Inicialmente marrom, o óleo queimado passa por uma transformação gradual durante o período expositivo, clareando conforme o processo químico de cura. A forma abstrata, que ocupa o espaço, assume a aparência de um corpo disforme, evocando tons de pele e sugerindo mudanças orgânicas ao longo do tempo. A instalação faz parte da série “matérias em transição”, resultado de uma década de pesquisa intensa sobre as interações entre corpos, matérias e transmutações. Este trabalho é um desdobramento do projeto “Gordura Trans”, que explorou performances envolvendo corpos gordos e dissidentes de gênero em diálogo com diversos materiais gordurosos.
O Edital de Ocupação do Espaço Vitrine é um programa anual do Museu Paranaense, iniciado em 2020. que tem como objetivo trazer propostas de exposição nas áreas de Artes Cênicas, Artes Visuais, Design, Arquitetura e pesquisa em diálogo com as disciplinas científicas da instituição: Antropologia, Arqueologia e História, promovendo a interdisciplinaridade entre esses diferentes campos de atuação, em exposições gratuitas dentro do próprio museu.
Texto crítico
o corpo ali onde não está, de Miro Spinelli, integra uma profunda pesquisa do artista sobre as relações (im)possíveis entre corpos, matérias e transmutações.
Desde 2014, Spinelli desenvolve o projeto Gordura Trans, uma série de ações performativas com materiais gordurosos – como óleo de soja, graxa, manteiga e dendê. Nu, presente, envolto em substâncias viscosas, o artista estabelece – especialmente por meio do olhar – diferentes interações com espaços e públicos.
A partir de 2018, o artista amplia essa investigação para além do (seu) corpo, experimentando o encontro entre substâncias em processos químicos. Combinando óleo, soda cáustica e água, ele cria sabão: uma mistura que se espalha pelo cubo branco, sem forma, molde e imposição de contorno.
Desde então, o artista volta-se para materiais em constante mutação, distanciando-se de uma perspectiva objetual e aproximando-se da experimentação: coisas, corpos, carnes, matérias, espaços, existências – humanas e não humanas. Spinelli se interessa por transições, transformações, mudanças, variações e abstrações de várias ordens.

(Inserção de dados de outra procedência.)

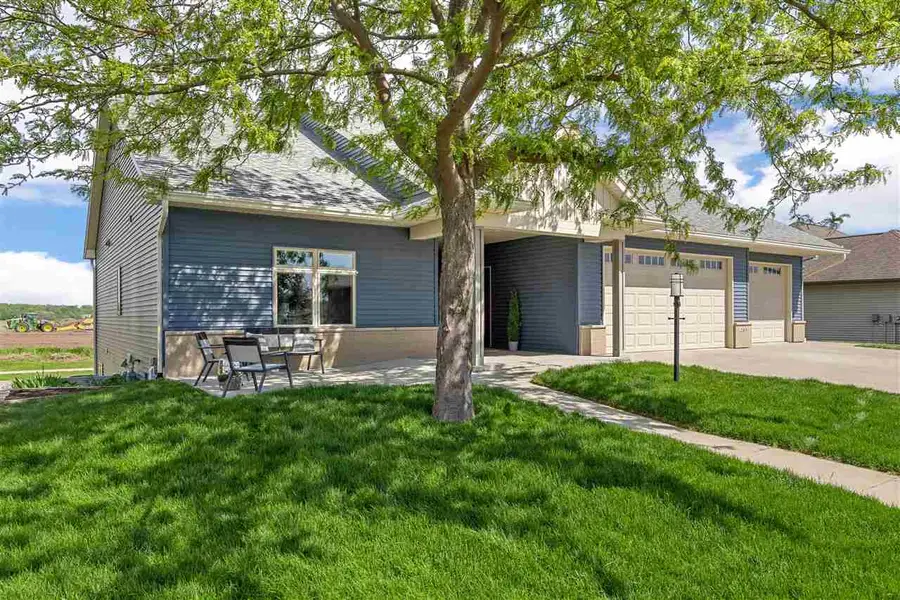 280 N Juniper St, North Liberty, IA 52317 - #2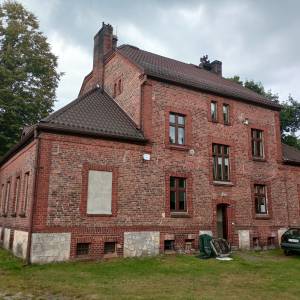 Budynek dawnej szkoły w Bibieli - budynek dawnej szkoly w bibieli 7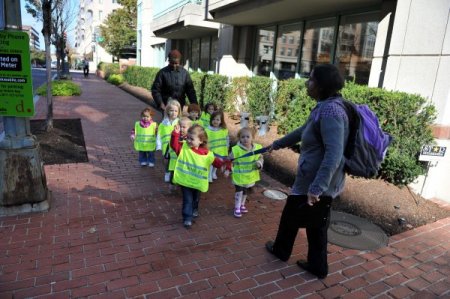 Amerika'da Anaokulu Öğrencileri ‘kelepçeyle’ Gezdiriliyor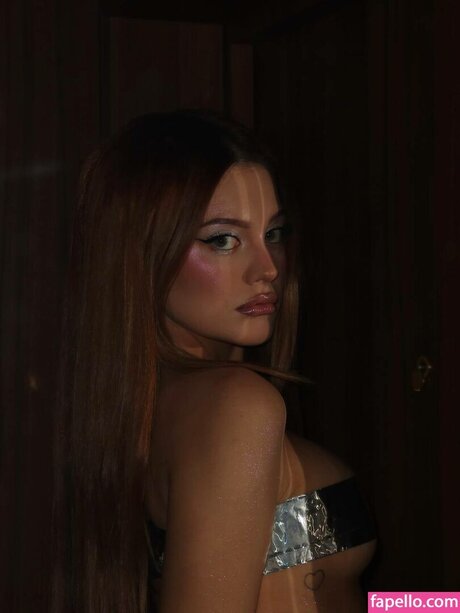 influesii753 pornographic actress picture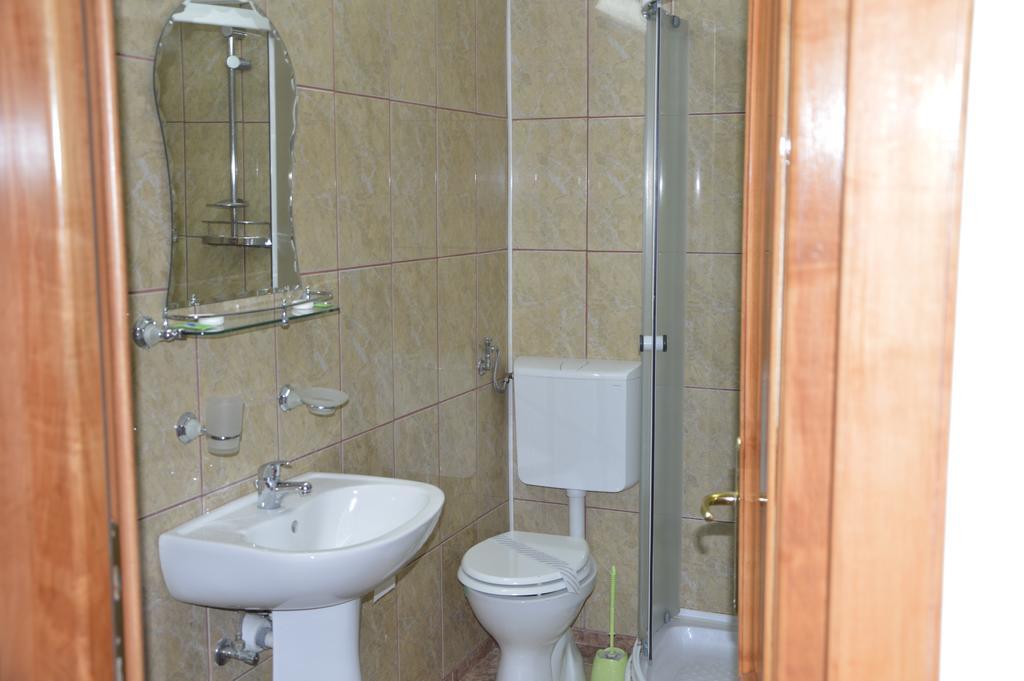 Motel Buti Sighetu Marmaţiei Quarto foto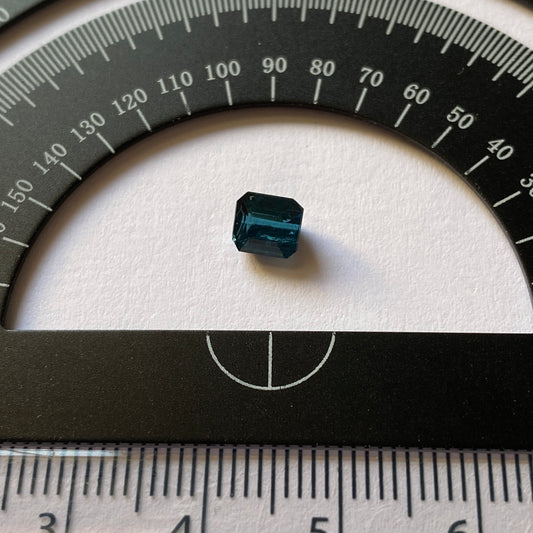 INDICOLITE TOURMALINE NATURAL GEMSTONE - HARAMOSH MTS. PAKISTAN 0.95Ct MFG3023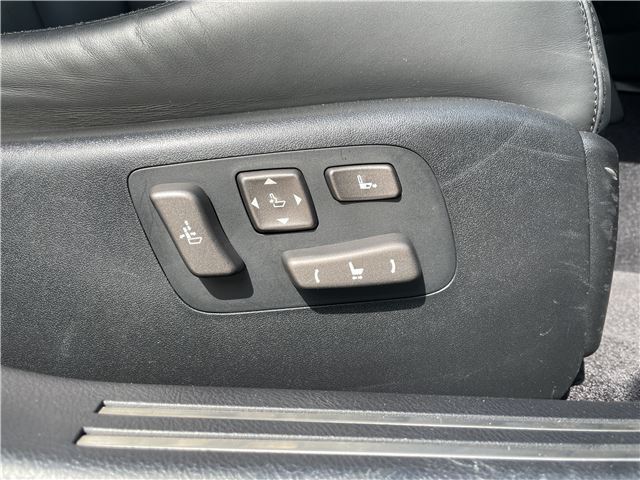 2010 Lexus LS 缩略图 18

Suas criações não têm o "corpo" como início ou fim, mas como ação, prática, mistério. Os excessos, as gorduras, os fluidos de seus trabalhos desestruturam os marcadores, as categorias, os termos moderno-coloniais e trazem à tona "coisas" em permanente fluxo: matérias que transbordam. O vestígio desafia o espaço higienizado da galeria e a inteligibilidade do que se apresenta: meio corpo, meio espuma, meio lembrança, meio esquecimento.
A matéria incapturável nos provoca: o que poderia ser um corpo desvinculado de marcadores? Seria possível desvinculação? O que seria a matéria em estado bruto, sem a gramática cis-heteropatriarcal? Haveria estado bruto?
Na ocupação no Espaço Vitrine do MUPA, o artista trabalha com óleo queimado, criando uma grande mancha que, inicialmente marrom, clareia ao longo do processo de cura, atingindo um pH seguro para contato humano. A transformação, portanto, é também visual, já que a coloração muda com o tempo de exposição.
Ao final, tudo aqui será distribuído – também como pergunta. O gesto de (des)fazer a instalação em pequenos pedaços e convidar o público a levar fragmentos do trabalho expande a experiência performativa para além do museu. Permite que essa "coisa", esse pedaço de corpo, essa carne-sabão continue sua mudança sem fim em outros espaços, como um eco da desidentificação buscada. É como escreveu, certa vez, o artista: Transição é Sempre.
Francisco Mallmann
Sobre a artista
Artista e pesquisador. É mestre em Artes da Cena pela UFRJ, em Filosofia e em Estudos da Performance pela New York University e doutorando no mesmo departamento. Atua nas imbricações entre a performance, a escrita, as artes visuais e a teoria. Apresentou trabalhos em festivais, exposições e conferências em diversas cidades na América Latina, na Europa e na América do Norte. Trabalha de modo transdisciplinar com foco em perspectivas minoritárias. Sua prática artística e intelectual está engajada em estratégias anti-coloniais elaboradas através de um irmanamento radical com coisas, matérias e os invisíveis produzidos nas relações com e entre elas.